The Reactive Manifesto

Some interesting resources for application and system architecture:

Four traits:

  1. Responsive
  2. Resilient
  3. Elastic
  4. Message-Driven

are essential building blocks

This is a key point, and something I’ve discovered as well – message based systems work very well.

2. Communicate Facts

Choose immutable event streams over mutable state

Mutable state is not stable throughout time. It always represents the current/latest value and evolves through destructive in-place updates that overwrite the previous value. The essence of the problem is that mutable state treats the concepts of value and identity as the same thing. An identity can’t be allowed to evolve without changing the value it currently represents, forcing us to safeguard it with mutexes and the likes.

Concurrent updates to mutable state are a notorious source of data corruption. While there exist well-established techniques and algorithms for safe handling of updates to shared mutual state, they bring two major downsides. The complexity of these algorithms is easy to get wrong, especially as code evolves, and they require a certain level of coordination that places an upper bound on performance and scalability. Due to the destructive nature of updates to mutable state, mistakes can easily lead to corruption and loss of data that are expensive to detect and recover from.

Instead, rely on immutable state—values representing facts—which can be shared safely as local or distributed events without worrying about corrupt or inconsistent data, or guarding it with transactions or locks.

A fact is immutable and represents something that has already happened sometime in the past, something that can not be changed or retracted. It is a stable value that you can reason about and trust, indefinitely. After all, we can’t change the past, even if we sometimes wish that we could. Knowledge is cumulative and occurs either by receiving new facts or by deriving new facts from existing facts. Invalidation of existing knowledge is done by adding new facts to the system that refute existing facts. Facts are never deleted, only made irrelevant for current knowledge.

Facts are best shared by publishing them as events through the component’s event stream where they can be subscribed to and consumed by others—components, databases, or subsystems—serving as a medium for communication, integration, and replication. Facts stored as events in an _event log new tab, in their causal order, can represent the full history of a component’s state changes through time (e.g. using the Event Sourcing new tab pattern) while serving reads safely from memory (called Memory Image new tab).

Jonas: The biggest impediment for scale is shared mutable state (to be precise: contended access to shared mutable state). As soon as you have shared mutable state, you need to guard that state through a gateway of serial access, which means adding coordination and mutual exclusion, and that adds contention—services waiting in line for access the shared state. Contention is the biggest scalability killer.

How people approach state today—they want to continue to program as if everything were still running on a single CPU, where they have a full control of the ordering of the instructions.

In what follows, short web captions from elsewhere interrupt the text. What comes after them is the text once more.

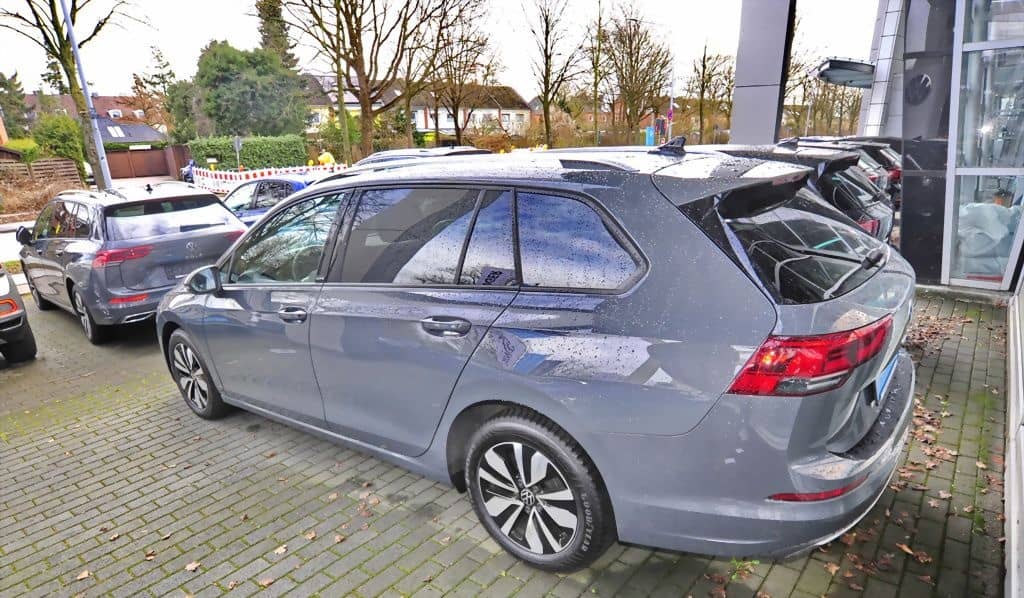 Volkswagen Golf VIII Variant 1.0 eTSI Move Navi ACC SHZ APP foto 3
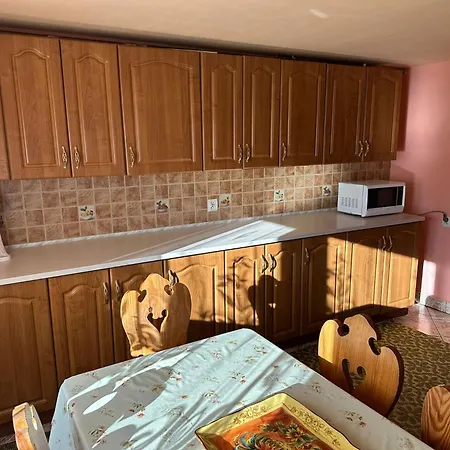 Janina Πανσιόν Zab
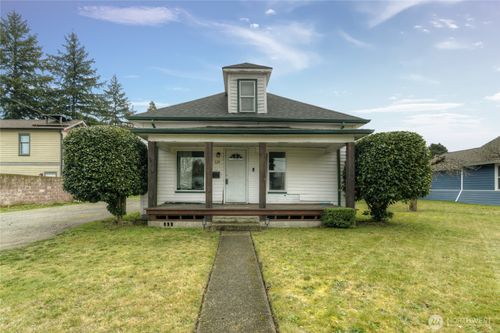 614 Yew Street, Centralia, WA, 98531 | Card Image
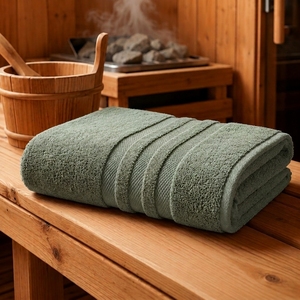 Toalla de Baño Verde Salvia Zero Twist de Algodón Suave con Diseño de Tres Rayas para Hogar, Spa, Hotel, Regalo, Boutique, Baño y Uso Diario - Product Image 1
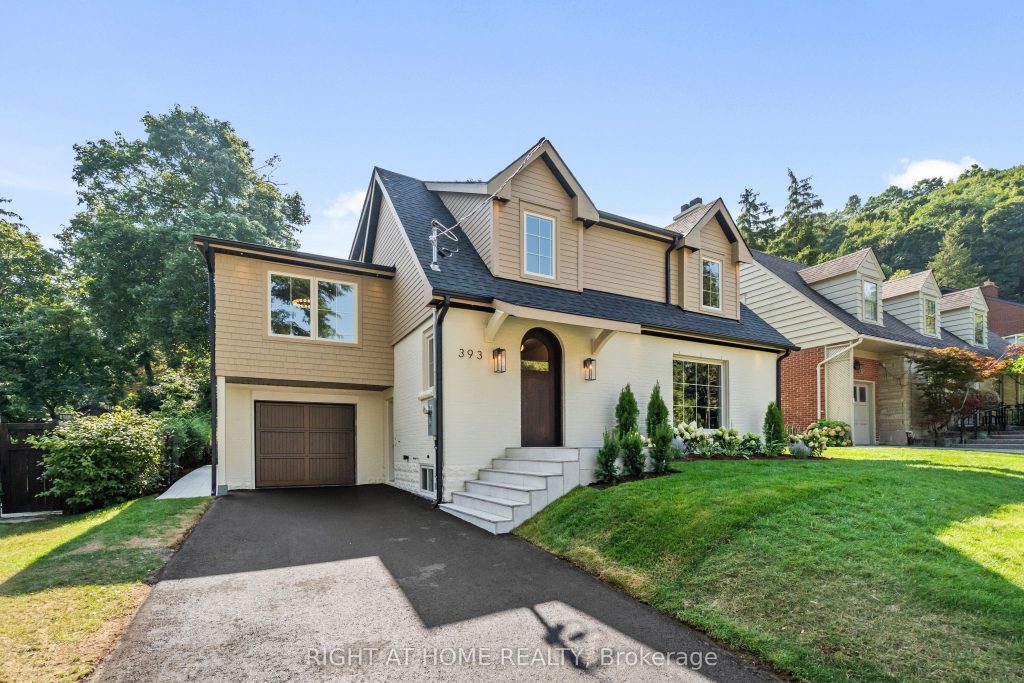 4-bedroom detached home for sale in Hamilton — 393 Hess Street S (Photo 1)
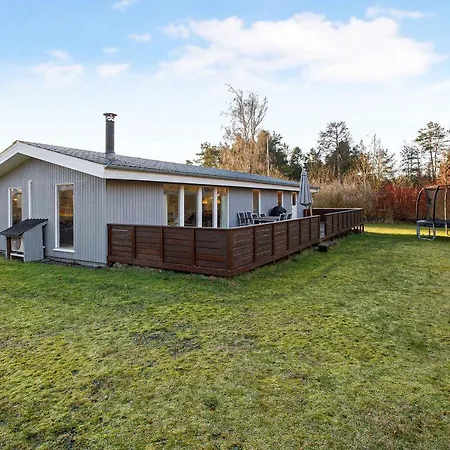 Cozy Summer House On Scenic Djursland Casa vacanze Glesborg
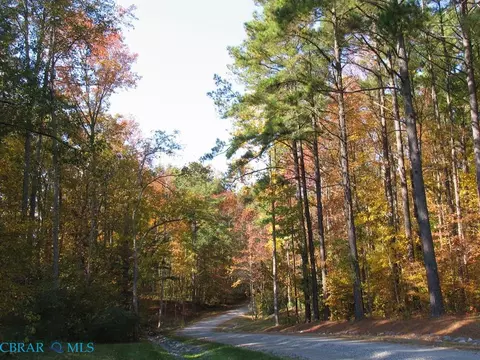 11 Glenwood Ln, Irvington, VA 22480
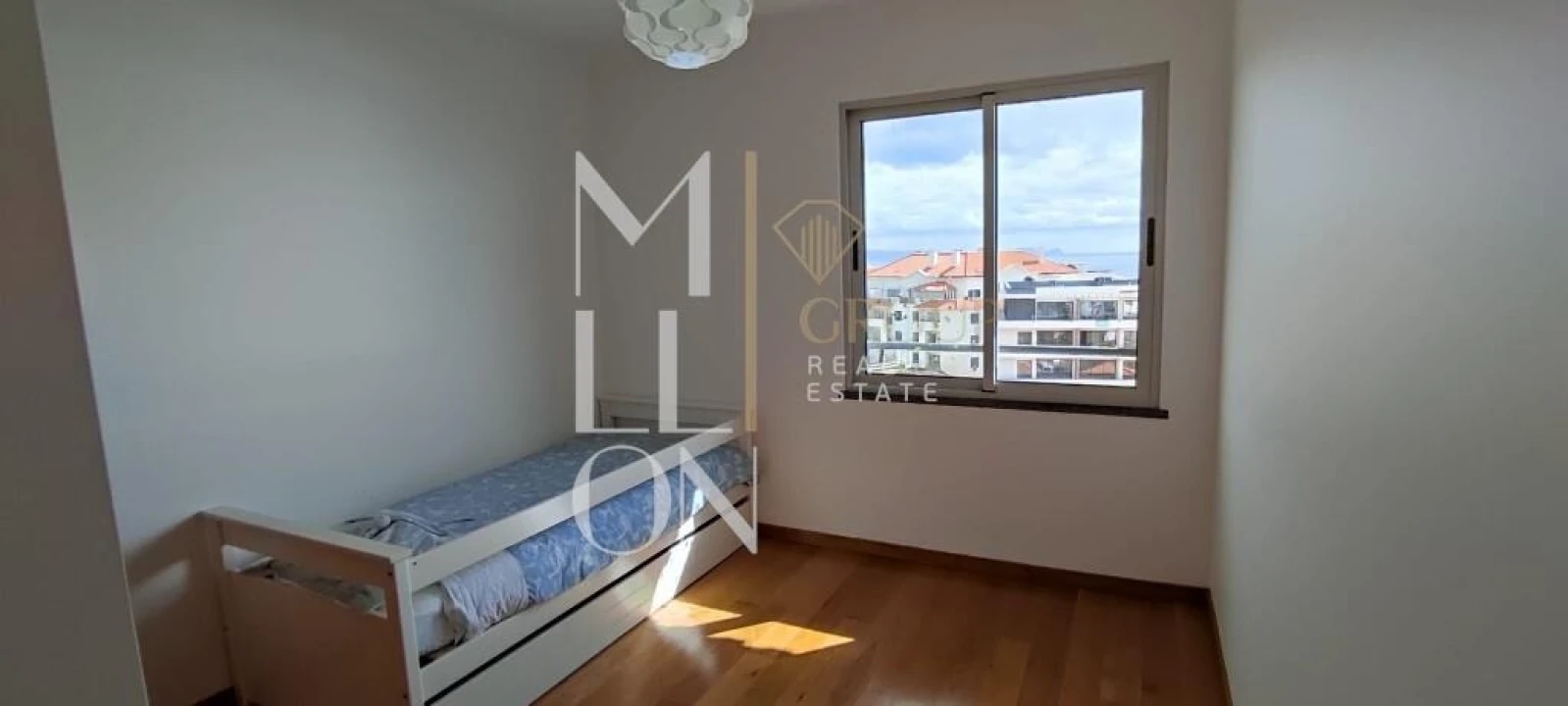 Apartamento T2 para Venda em Caniço Foto 15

That’s a nice model because it’s easy to understand, and it was true 15 years ago—but we shouldn’t lie to ourselves any longer, it’s a vastly different world now, and we need to rethink how we design and think about software. The current reality doesn’t match our beloved von Neumann Architecture anymore, and hanging on to it by trying to emulate it will just make matters worse.

But unfortunately, way too often I have seen that instead of addressing the problem at its root cause and simplify it by applying the right design and principles from the start, people keep adding layers in complexity by bringing in more tools and products in an attempt to keep their mutable state in sync. The problem with this is that it doesn’t scale – the more nodes (or cores) you add, the more nodes need to be part of that consistent view, and that’s more and more costly and will make the system run slower and slower.

The antidote is share nothing designs. In a share nothing architecture components do not share state, every component (or node) is fully self-contained, lives in isolation, with its own life-cycle and communicates by sending immutable messages. If you rely on share nothing designs then you will both minimize contention and maximize locality reference. This means that things used often together are sitting together, and not just conceptually but in code, which simplifies caching—both less CPU cache line invalidations, better prefetching, as well as more efficient application level caching. It also means minimizing the waiting time in the system by decreasing contention, which makes things more efficient in terms of resource utilization. Now, adding more CPUs and/or nodes just helps, since you have partitioned the system and removed most bottlenecks.